Not one to turn down an opportunity to write anything else
besides memoir, I instantly said YES!
One of my part-time jobs is working as a private education
consultant (glorified tutor/babysitter) and I help a lot of international
students with their applications and personal essays for colleges.
Iris is based on the personalities of some of my
uber-wealthy Chinese students who live in Shangri-La penthouse suites in
Vancouver, drive very expensive sports cars, and refuse to study or do
homework. Their parents want them to attend Ivy League schools, but these kids
are more interested in partying, doing drugs, getting tattoos, and hooking up.
A lot of them are lost and really struggling to know what to
do because they don’t want to attend college, and no adult has ever asked them
what they wanted or allowed them to fix their own mistakes. I wanted to do a
book that speaks specifically to young people who might feel
directionless.
Q: The Kirkus Review of the book says it "reads like Confessions
of a Shopaholic meets Crazy Rich Asians." What do you think of that
description?
A: Sophie Kinsella and Kevin Kwan are both brilliant, so I
will take that comparison as a compliment!
Iris does get to meet her CRA (Crazy Rich Asian) family that
she’s never met before and she definitely loves to spend her parents’ money,
but she is also very lost and ashamed.
What I think is hopefully different about My Summer of Love
and Misfortune is that the book is about finding oneself and making messes and
being selfish because you just don’t know how else to act.
But honestly, if this book is as fun and entertaining as
Kineslla and Kwan’s books and speaks to someone who has made mistakes with
relationships, either romantic, personal or familial, I’m so happy to have
worked on this book.
Q: Can you say more about what you hope readers take away
from the novel?
A: Asian women in North America are always portrayed as
perfect, smart, law-abiding, and essentially the good dutiful girls in
literature.
I wanted to write about a Chinese character that is the
complete opposite of that: someone who is hypocritical, flawed, messy, selfish,
and absurd at the same time.

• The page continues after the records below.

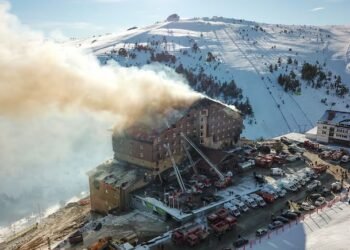 Fire at Turkey ski resort claims 66 lives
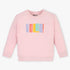 Girls Graphic Cotton Polyester Sweat Tee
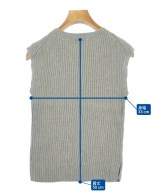 PLST（プラステ）ベスト/ノースリーブ グレー サイズ:M レディース/2200615082028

A Chinese female teen character who is not a
straight-A student.
I think there is a standard for women characters to be
constantly likeable, and especially for WOC characters, since we’re expected to
behave and act and exist in a certain way. Iris Wang doesn’t know who she is,
and so much of her shopping and reckless behavior is because of this shame and
refusing to admit it.
I hope readers take away that it is totally okay to not know
who you are or what you want when you are 17 years old. And it’s totally okay
to be someone who screws up and that self-esteem is something you can learn and
master. It’s a gradual process, and I can definitely relate.
Q: As you mentioned, you've also written a memoir--how did
your writing process compare, and do you have a preference for one genre over
the other?
A: No one likes writing a memoir. If they do, they might
have a serious problem or they are just lying to you!
Writing a memoir was exceedingly difficult. You have to go
to dark, uncomfortable places that you don’t want to necessarily explore, but
you do it because the story always comes first.
I was actually shocked when I discovered that YA was so much
fun! Working with Jennifer Ung made me truly enjoy the process of writing
again. And I had a fantastic time playing with fictional characters and
exploring the absurd world of Beijing’s elite.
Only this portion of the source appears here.